INFORMATION SHOWN START

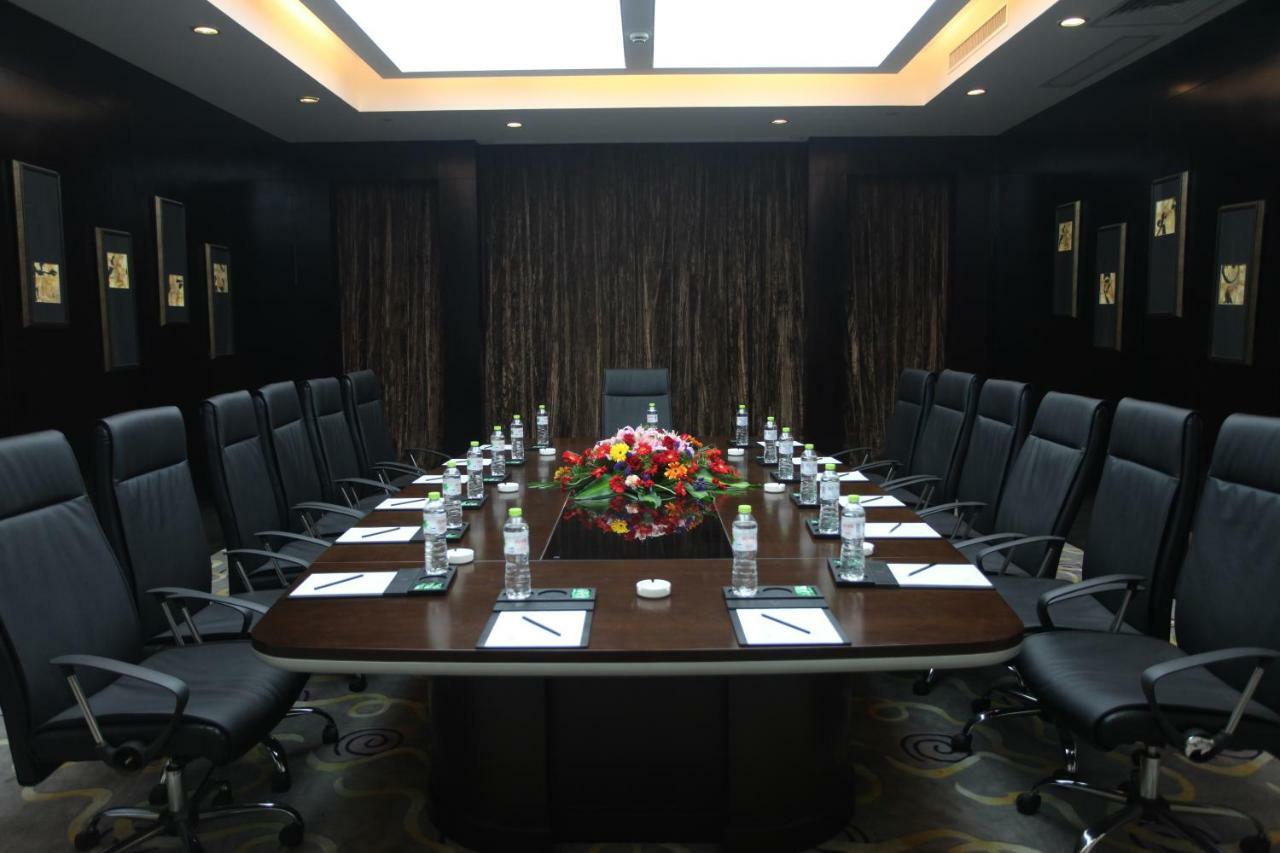 Kanshan Veegle Hotel מראה חיצוני תמונה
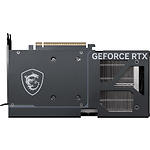 Изображение Видеокарта MSI GeForce RTX5070 12GB (RTX 5070 12G VENTUS 2X OC) #3 Фото Видеокарта MSI GeForce RTX5070 12GB (RTX 5070 12G VENTUS 2X OC) #3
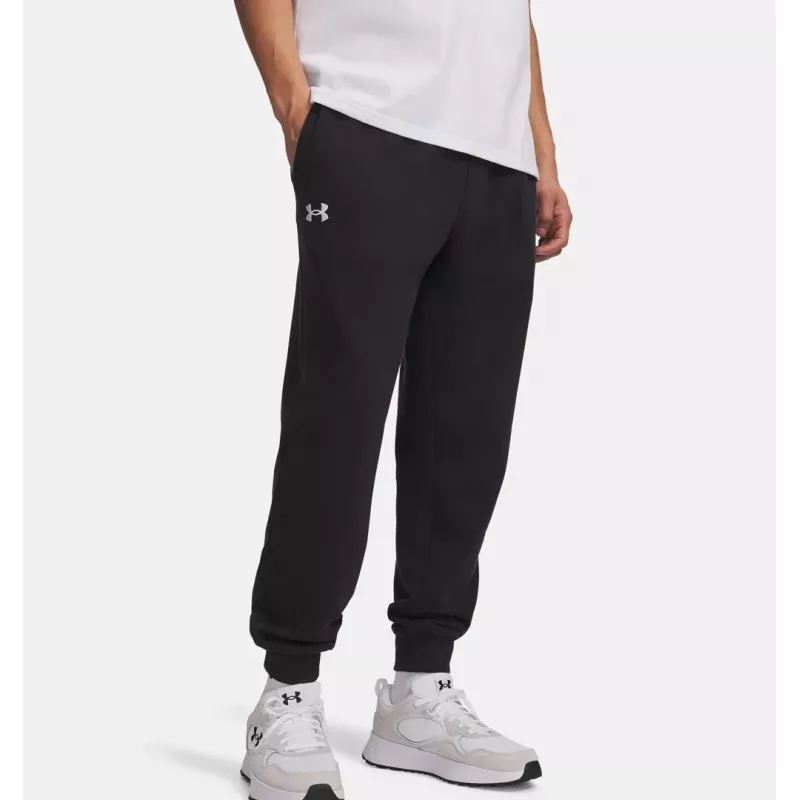 Under Armour UA Rival Fleece vīriešu sporta bikses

INFORMATION SHOWN END

◆ EXERCISE DESCRIPTION
Reproduce the data above word for word, but leave the images out.

◆ EXERCISE RESULT
 Kanshan Veegle Hotel מראה חיצוני תמונה
 Изображение Видеокарта MSI GeForce RTX5070 12GB (RTX 5070 12G VENTUS 2X OC) #3 Фото Видеокарта MSI GeForce RTX5070 12GB (RTX 5070 12G VENTUS 2X OC) #3
 Under Armour UA Rival Fleece vīriešu sporta bikses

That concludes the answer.